About this task — Leave the pictures out and return every line below exactly.

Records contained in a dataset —
__________

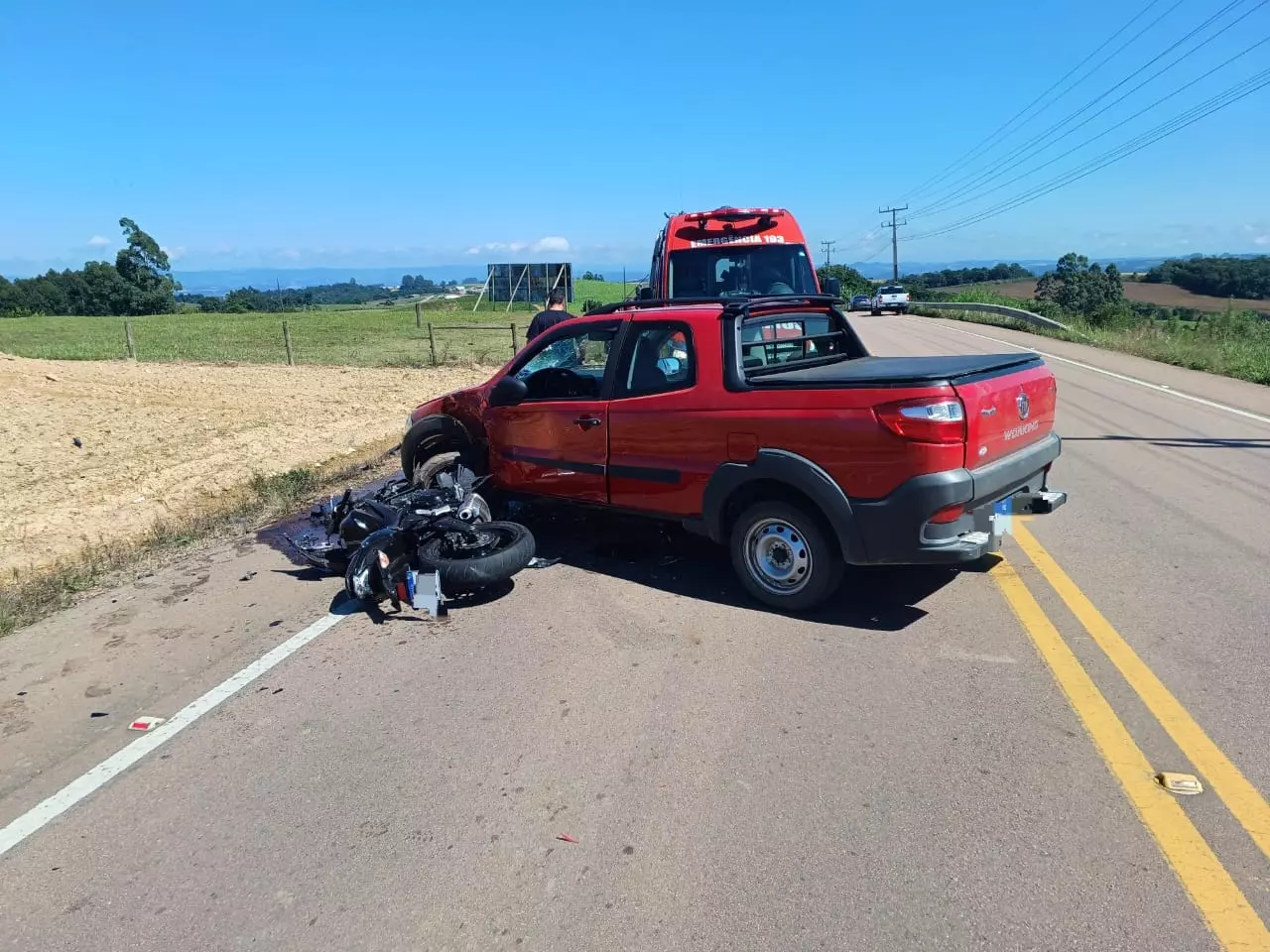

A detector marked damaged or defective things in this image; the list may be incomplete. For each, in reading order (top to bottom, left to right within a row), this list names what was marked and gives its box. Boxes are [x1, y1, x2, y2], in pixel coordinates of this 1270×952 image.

crashed motorcycle [289, 472, 536, 611]
damaged red pickup truck [401, 294, 1067, 614]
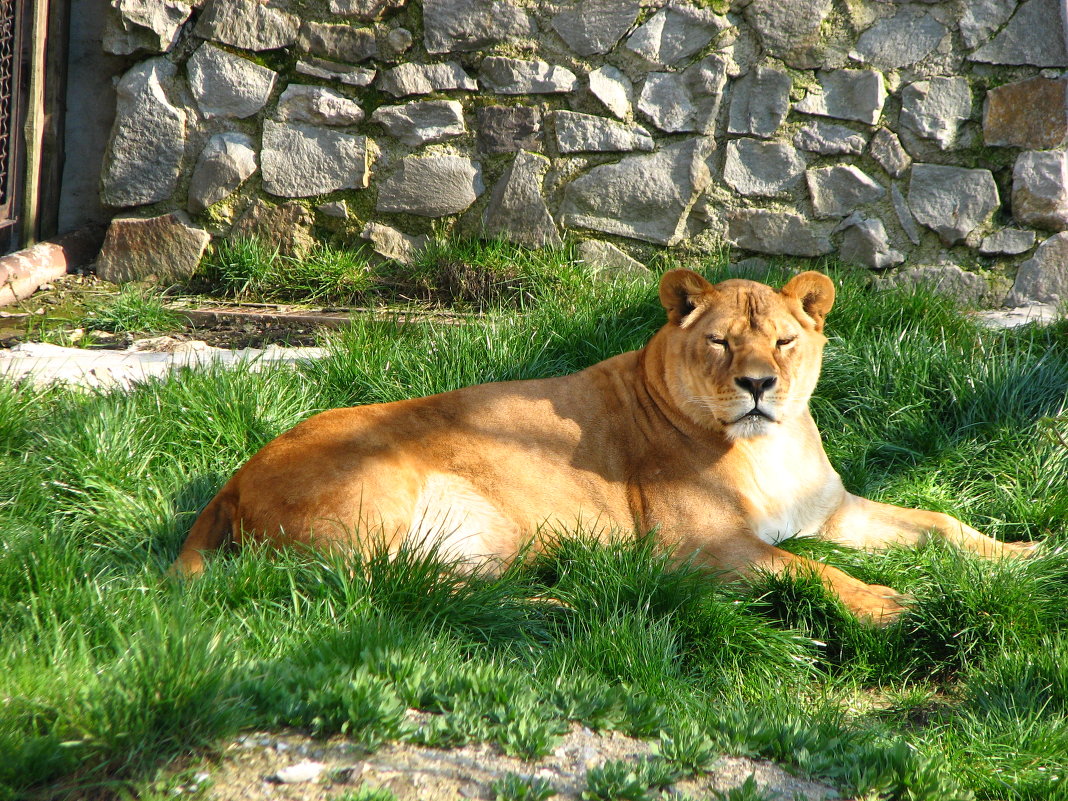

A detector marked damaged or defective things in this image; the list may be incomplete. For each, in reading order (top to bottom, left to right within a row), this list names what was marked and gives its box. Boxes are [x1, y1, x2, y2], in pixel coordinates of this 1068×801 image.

rusty metal gate [0, 0, 22, 250]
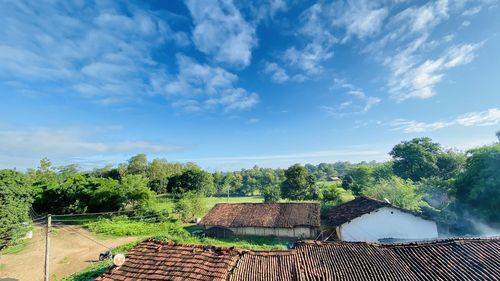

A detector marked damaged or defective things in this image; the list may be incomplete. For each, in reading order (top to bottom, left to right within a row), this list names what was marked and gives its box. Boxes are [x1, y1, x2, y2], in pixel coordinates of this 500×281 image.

rusty roof [199, 201, 320, 228]
rusty roof [326, 196, 420, 226]
rusty roof [96, 237, 500, 278]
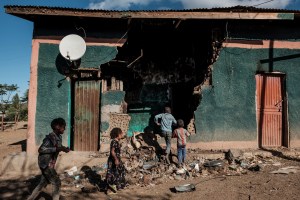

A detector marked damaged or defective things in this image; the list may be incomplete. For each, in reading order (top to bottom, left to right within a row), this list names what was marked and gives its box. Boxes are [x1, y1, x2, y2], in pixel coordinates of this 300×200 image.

damaged house [4, 5, 300, 154]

__________

Output for this task —
A detector marked damaged or defective things in this image; the list may be incomplete. For each, in reading order (top to bottom, left to right within a row), this list names what was marked and gives its box. Boxes are [x1, y1, x2, y2], in pixel coordinates of this 1270×952 image.

crashed motorcycle [289, 472, 536, 611]
damaged red pickup truck [401, 294, 1067, 614]

A detector marked damaged or defective things in this image; the list may be incomplete. For each, in reading order (top to bottom, left to right within a row), this list names what was marked and gives its box. Boxes are [x1, y1, x2, y2], in pixel coordinates of this 1068×801 image.

rusty metal gate [0, 0, 22, 250]

A detector marked damaged or defective things in this image; the list may be incomplete. For each, in reading order (top to bottom, left to right within a row), this list names what was marked and gives its box. Boxes are [x1, y1, x2, y2], in pixel coordinates of this 500×281 image.

rusty roof [199, 201, 320, 228]
rusty roof [326, 196, 420, 226]
rusty roof [96, 237, 500, 278]

A detector marked damaged or defective things in this image; the list may be incomplete. For each, in reading order (top to bottom, left to right within a row), this list names what was marked and gives its box. Boxes are [x1, y1, x2, y2], in pixel coordinates of this 300×200 image.

damaged house [4, 5, 300, 154]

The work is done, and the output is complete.